Bahsettiği bu kızlardan biri de Aslı Kocaman. Birkaç ay sonra 12 yaşını dolduracak olan Aslı, 2.5 yılı aşkın süredir Açı Okulları’nda voleybol oynuyor. Smaçör olarak favorisi Vargas ama kendisi gibi pasör oynayan Naz ve Cansu’yu da çok seviyor. Bu yıl okul sporlarında Sarıyer ilçe şampiyonu olmuşlar. “Takım ruhumuz çok güzel. Herkes bayıla bayıla oynuyor voleybolu” diyor Aslı kendine güvenli bir şekilde. Onun da voleybola ilgisi aileden, TED’de okuduğu sırada voleybol oynayan dedesinden geliyor. “Voleybolun ne kadar güzel ve ne kadar zarif bir spor olduğunu anlatırdı bana. Severdim onu dinlemeyi.

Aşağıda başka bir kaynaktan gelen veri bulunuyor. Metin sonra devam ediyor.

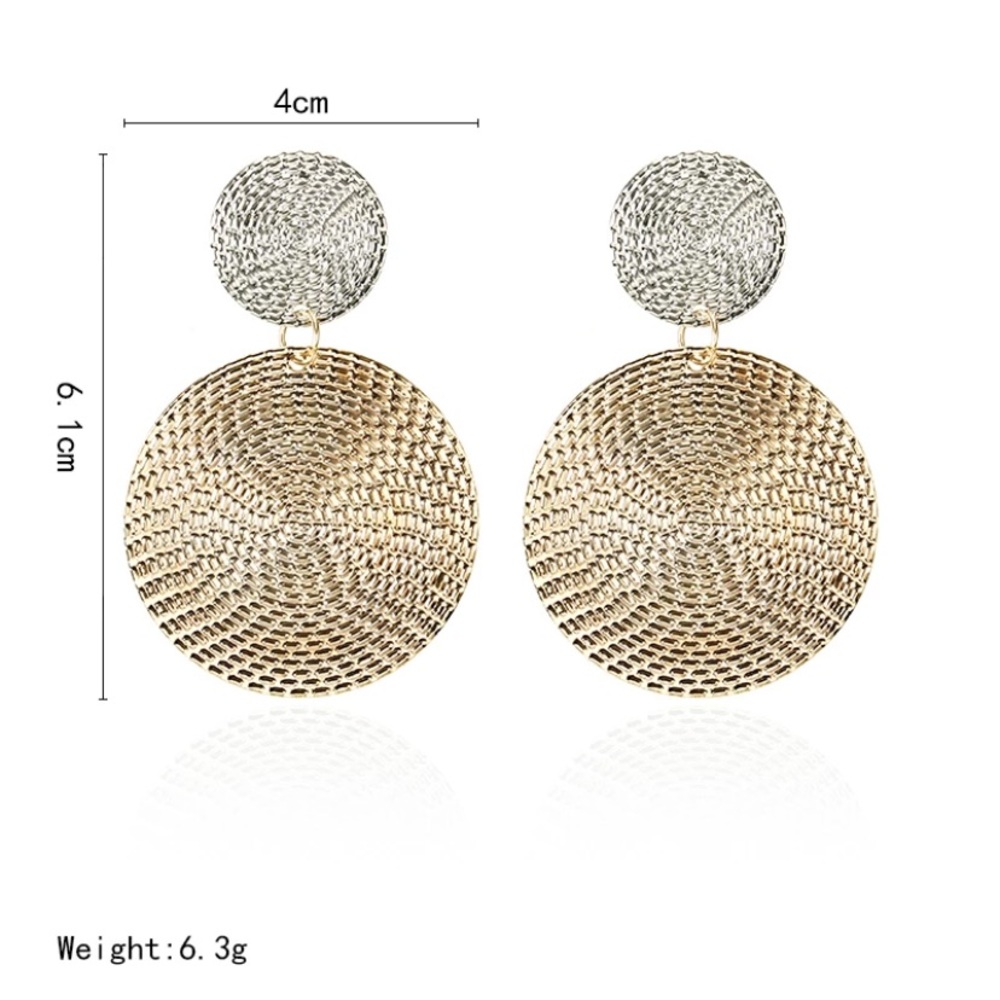 Two Tone Geometric Earrings - Picture 6 of 7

Daha voleybola merakım yokken bana maç izletirdi” diye anlatan Aslı, üniversiteye kadar voleybol oynamakta kararlı.
(Videoda altı buçuk yaşındaki Mina Ergin (beyazlı) bir kezlik denediği voleybola başlamayı sabırsızlıkla beklerken televizyonda hiç bir maçı kaçırmıyor.)
Türkiye’de kadın voleybolunun hikayesi, kadın takımı olmadığı için Fenerbahçe erkek takımında forma giyen Sabiha Rıfat Gürayman’la başlıyor. Bugünden bakınca Gürayman’ın öyküsü inanılmaz durabilir ama günümüz voleybolunda -ve diğer sporlarda- kadın antrenör rakamları da eşit derecede inanılmaz.
Kasfad’ın Mayıs 2023’de yayınladığı rakamlara göre, Türkiye’deki 12 bini aşkın voleybol antrenörünün sadece yüzde 38’si kadın ve üst kademelerde görünürlükleri yok. Tüm spor dalları toplamında, en tepedeki beşinci kademe antrenörler arasında kadınların oranı ancak yüzde 8’de seyrediyor. Yönetsel düzeyde de durum farklı değil. Toplam 64 spor federasyonundan sadece 3 tanesinin başkanları kadın. Voleybol Federasyonu Başkanı Mehmet Akif Üstündağ’ın, Eda Erdem için “adam gibi adam” demesi talihsiz bir dil sürçmesiydi belki ama, voleybolda “kadın gibi kadın” yöneticilerin ve üst düzey antrenörlerin görev alma zamanı geliyor.